The lines from the one containing "Mitten drin. Der" through the end of the entries are what to output; reproduce them exactly and add nothing.

> Data under study:
Segment Open
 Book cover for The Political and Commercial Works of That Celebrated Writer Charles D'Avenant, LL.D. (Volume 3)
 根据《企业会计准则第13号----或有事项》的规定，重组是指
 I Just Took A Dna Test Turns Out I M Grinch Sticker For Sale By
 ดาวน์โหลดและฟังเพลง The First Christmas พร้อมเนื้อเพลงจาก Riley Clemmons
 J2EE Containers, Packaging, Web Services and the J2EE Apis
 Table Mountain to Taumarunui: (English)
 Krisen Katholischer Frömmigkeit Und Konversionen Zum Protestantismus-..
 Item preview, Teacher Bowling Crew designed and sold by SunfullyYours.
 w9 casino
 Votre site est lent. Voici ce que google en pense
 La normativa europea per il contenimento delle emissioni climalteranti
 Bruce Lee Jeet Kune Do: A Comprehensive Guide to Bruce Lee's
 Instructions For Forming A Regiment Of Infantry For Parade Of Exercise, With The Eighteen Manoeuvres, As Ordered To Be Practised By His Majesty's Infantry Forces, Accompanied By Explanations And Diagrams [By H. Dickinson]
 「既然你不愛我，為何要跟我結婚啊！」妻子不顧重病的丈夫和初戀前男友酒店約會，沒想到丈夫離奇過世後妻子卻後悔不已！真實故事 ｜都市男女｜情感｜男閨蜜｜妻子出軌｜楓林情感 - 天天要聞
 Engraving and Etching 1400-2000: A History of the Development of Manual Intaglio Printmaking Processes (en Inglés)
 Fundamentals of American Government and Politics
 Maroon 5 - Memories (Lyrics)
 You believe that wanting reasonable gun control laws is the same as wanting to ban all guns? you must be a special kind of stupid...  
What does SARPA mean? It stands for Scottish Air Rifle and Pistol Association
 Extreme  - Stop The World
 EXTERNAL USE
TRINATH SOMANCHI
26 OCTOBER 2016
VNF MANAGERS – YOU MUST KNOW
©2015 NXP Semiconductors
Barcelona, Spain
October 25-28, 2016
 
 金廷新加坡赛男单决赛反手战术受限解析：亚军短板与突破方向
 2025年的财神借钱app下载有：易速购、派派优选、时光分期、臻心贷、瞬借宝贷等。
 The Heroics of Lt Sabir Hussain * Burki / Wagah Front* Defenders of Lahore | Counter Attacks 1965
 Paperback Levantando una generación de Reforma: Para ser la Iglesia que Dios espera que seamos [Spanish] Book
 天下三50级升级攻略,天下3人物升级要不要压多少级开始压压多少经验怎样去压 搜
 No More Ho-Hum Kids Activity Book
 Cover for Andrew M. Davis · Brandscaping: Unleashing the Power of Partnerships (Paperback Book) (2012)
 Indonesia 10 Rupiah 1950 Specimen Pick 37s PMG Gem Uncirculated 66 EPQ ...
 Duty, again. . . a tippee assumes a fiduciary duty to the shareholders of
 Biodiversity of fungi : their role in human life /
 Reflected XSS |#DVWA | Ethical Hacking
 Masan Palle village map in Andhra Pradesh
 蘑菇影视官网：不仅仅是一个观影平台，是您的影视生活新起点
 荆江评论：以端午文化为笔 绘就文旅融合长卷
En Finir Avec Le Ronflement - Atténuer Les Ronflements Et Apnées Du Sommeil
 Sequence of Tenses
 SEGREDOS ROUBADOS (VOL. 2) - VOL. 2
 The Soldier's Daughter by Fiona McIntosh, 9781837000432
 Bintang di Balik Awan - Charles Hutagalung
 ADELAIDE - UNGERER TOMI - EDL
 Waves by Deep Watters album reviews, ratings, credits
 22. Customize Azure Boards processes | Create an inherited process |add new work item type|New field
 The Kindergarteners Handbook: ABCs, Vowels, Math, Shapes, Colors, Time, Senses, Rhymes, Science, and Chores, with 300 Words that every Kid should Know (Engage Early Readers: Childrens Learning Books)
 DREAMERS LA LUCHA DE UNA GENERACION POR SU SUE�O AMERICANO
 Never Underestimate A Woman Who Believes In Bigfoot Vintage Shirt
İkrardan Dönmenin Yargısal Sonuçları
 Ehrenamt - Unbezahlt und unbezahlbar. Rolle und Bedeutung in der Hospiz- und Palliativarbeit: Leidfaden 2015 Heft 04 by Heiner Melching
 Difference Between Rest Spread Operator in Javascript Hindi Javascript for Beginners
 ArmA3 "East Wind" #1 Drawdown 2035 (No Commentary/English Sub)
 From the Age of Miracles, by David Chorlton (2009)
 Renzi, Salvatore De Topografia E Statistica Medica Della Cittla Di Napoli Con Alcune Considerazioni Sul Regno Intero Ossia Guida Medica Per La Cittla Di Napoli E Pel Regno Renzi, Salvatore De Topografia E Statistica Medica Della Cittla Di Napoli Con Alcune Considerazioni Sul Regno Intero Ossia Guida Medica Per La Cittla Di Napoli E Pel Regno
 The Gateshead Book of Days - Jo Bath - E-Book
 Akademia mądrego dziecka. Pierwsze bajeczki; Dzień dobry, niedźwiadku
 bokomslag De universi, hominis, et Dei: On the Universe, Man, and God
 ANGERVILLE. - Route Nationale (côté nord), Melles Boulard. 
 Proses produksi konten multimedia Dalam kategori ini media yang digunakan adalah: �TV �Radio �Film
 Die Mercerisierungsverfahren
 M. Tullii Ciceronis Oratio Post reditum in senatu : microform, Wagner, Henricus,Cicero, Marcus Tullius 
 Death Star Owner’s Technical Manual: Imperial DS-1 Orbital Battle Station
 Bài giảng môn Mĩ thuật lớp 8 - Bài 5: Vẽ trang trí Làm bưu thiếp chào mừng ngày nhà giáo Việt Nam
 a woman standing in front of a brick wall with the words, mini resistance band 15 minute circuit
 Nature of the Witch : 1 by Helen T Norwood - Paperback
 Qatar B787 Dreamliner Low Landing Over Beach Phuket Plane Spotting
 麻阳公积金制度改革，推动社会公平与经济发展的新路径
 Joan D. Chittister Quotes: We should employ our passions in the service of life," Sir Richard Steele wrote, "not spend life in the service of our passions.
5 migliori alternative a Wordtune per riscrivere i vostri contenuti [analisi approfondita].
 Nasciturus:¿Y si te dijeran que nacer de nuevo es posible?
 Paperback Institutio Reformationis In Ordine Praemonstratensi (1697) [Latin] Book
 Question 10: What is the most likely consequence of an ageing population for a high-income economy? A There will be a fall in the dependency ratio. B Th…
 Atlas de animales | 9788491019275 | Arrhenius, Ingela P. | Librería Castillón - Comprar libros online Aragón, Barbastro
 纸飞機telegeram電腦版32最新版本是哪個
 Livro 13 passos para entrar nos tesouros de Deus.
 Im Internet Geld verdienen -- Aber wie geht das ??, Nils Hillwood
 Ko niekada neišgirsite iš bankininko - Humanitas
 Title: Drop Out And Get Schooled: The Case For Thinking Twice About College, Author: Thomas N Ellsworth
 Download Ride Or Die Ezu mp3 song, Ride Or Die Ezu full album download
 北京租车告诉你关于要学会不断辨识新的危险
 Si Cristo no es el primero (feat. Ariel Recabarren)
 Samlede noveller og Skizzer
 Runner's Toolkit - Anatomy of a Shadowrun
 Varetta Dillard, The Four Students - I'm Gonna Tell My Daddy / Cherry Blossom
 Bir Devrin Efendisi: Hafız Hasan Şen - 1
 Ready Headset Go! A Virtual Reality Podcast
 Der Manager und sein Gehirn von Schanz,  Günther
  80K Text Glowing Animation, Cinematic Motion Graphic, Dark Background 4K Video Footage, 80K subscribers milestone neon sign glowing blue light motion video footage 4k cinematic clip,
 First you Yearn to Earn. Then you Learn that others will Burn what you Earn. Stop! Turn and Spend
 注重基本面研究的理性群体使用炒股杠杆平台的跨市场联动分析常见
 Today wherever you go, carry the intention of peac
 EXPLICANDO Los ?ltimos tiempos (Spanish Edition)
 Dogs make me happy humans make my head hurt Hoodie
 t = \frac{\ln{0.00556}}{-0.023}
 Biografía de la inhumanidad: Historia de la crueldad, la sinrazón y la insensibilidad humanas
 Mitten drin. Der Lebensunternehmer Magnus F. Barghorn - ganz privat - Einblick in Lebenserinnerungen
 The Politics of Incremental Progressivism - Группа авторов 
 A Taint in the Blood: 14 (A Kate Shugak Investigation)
Segment Closed
> Task result:
 Mitten drin. Der Lebensunternehmer Magnus F. Barghorn - ganz privat - Einblick in Lebenserinnerungen
 The Politics of Incremental Progressivism - Группа авторов 
 A Taint in the Blood: 14 (A Kate Shugak Investigation)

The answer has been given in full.